Professor Alan Zelicoff testifies to California Legislators on
Direct-Reporting Disease Surveillance Methods

In early 2006, Adjunct Professor Alan Zelicoff had the opportunity to brief California legislators on novel approaches to disease surveillance, arguing that clinician-based syndromic surveillance (CBSS) should be tested – in an open, controlled trial – to existing “data-mining” systems such as the CDC’s BIOSENSE system.  Given the marked success of the Syndrome Reporting Information System (SYRIS) in 44 counties in West Texas – with high physician and veterinarian compliance and high sensitivity and low false positve rate, Assemblywoman Shirley Horton (R-San Diego) decided to sponsor a bill bringing the same technology to California and introduced AB 1956 calling for a multi-year trial of CBSS systems in Feb. 2006. 

AB 1956 passed the Assembly unanimously in June of this year and the California senate by a vote of 33-1 in late August. No other bill calling for a new program in California passed both houses with such an overwhelming majority.  The bill is on Governor Schwarzenegger's desk for signature and all expectations are that he will sign it into law.  Multiple organizations testified in support of the bill: the California Medical Association (after a unanimous vote of its leadership), the California Association of Family Practitioners and Kaiser-Permanente. 

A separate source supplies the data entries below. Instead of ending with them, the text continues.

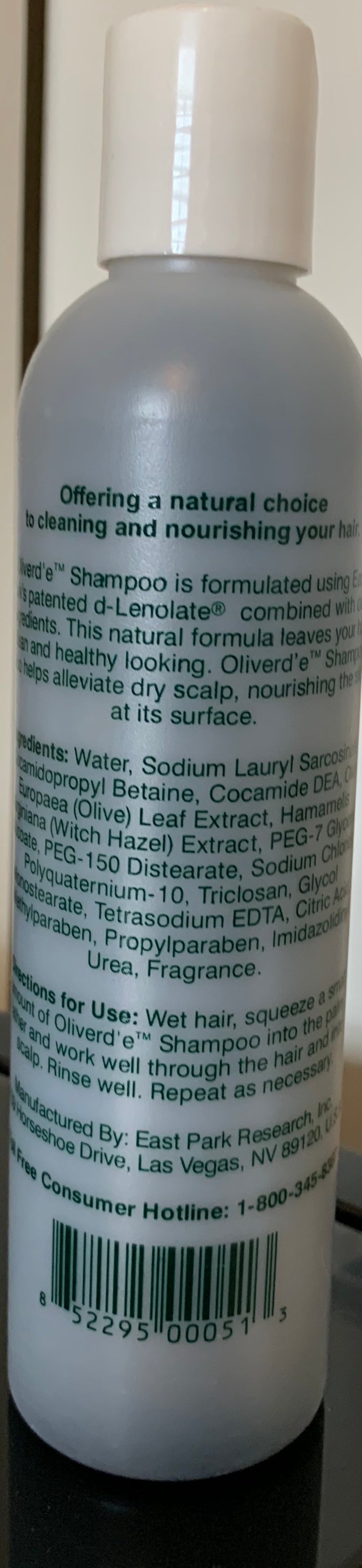 Oliverd'e® Olive Leaf Extract Shampoo - Wellness Works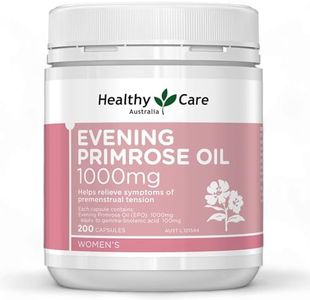 Healthy Care Evening Primrose Oil Capsules - Natural Solution for Skin Health and Hormonal Balance - Premium Quality Dietary Supplement - 1000 mg - 200 Capsules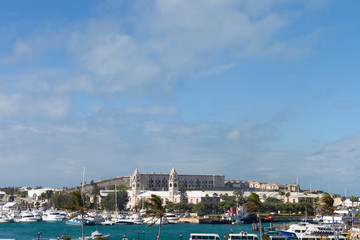 Fototapeta na wymiar Bermuda Harbor Skyline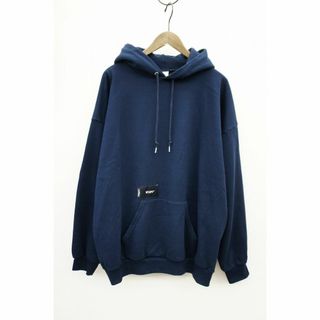 ダブルタップス(W)taps)の美品22AW WTAPSダブルタップス スウェット パーカー 紺318N▲(パーカー)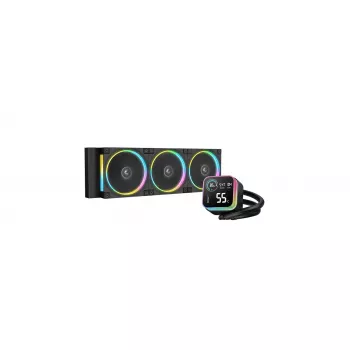 AIO šķidruma CPU dzesētājs DeepCool LQ360 ULTRA ARGB — 360mm radiators, ARGB apgaismojums, saderīgs ar Intel/AMD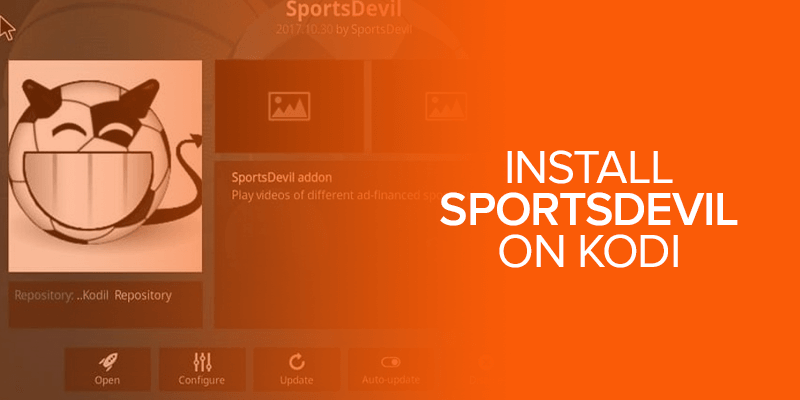 Install SportsDevil on Kodi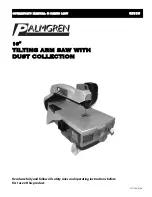 Preview for 1 page of Palmgren 83116 Operator'S Manual & Parts List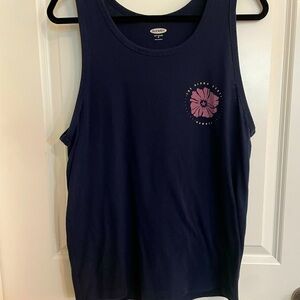 Old Navy Men’s Hawaii Aloha Tank top navy medium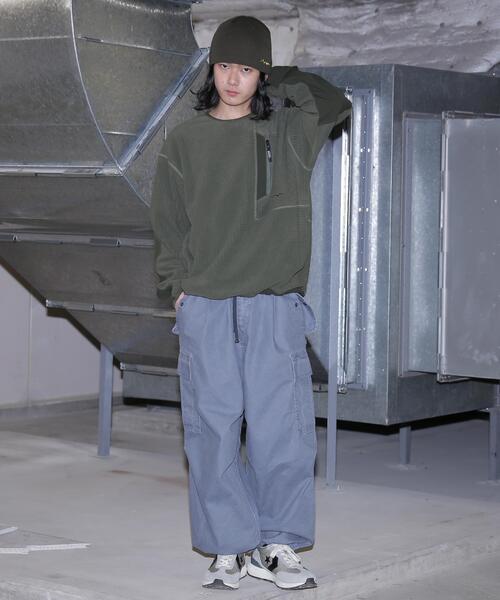 MANASTASH（マナスタッシュ）の「MANASTASH/マナスタッシュ/CANVAS MANATROOPER PT（カーゴパンツ・メンズ・ライトグレー/ブラック/タン・L/XL/S/M）」の12枚目の写真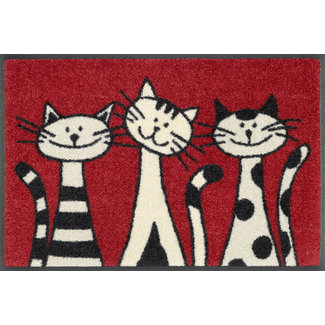 Kleen-Tex-Fußmatten wash+dry doormat | Three Cats |...washable mat with rubber edge!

Interested readers can see the full text of the bill at: 

http://www.leginfo.ca.gov/pub/bill/asm/ab_19512000/ab_1956_bill_20060905_enrolled.html

The substantive advantages of this type of software are:

(A) Permits user-friendly, real-time reporting by clinicians of humans and animals and the rapid exchange of syndromic surveillance data among practitioners, including, but not limited to, physicians, nurses, and veterinarians.

(B) Provides for the validation and analysis of the data by the local health officer.

(C) Provides Geographic Information System (GIS) mapping of symptom occurrences by ZIP Code that is instantaneously accessible by local clinicians and the local health officer.

(D) Permits the local health officer to issue public health alerts to clinicians in his or her region.

(E) Ensures the confidentiality of medical recor information consistent with state and federal law.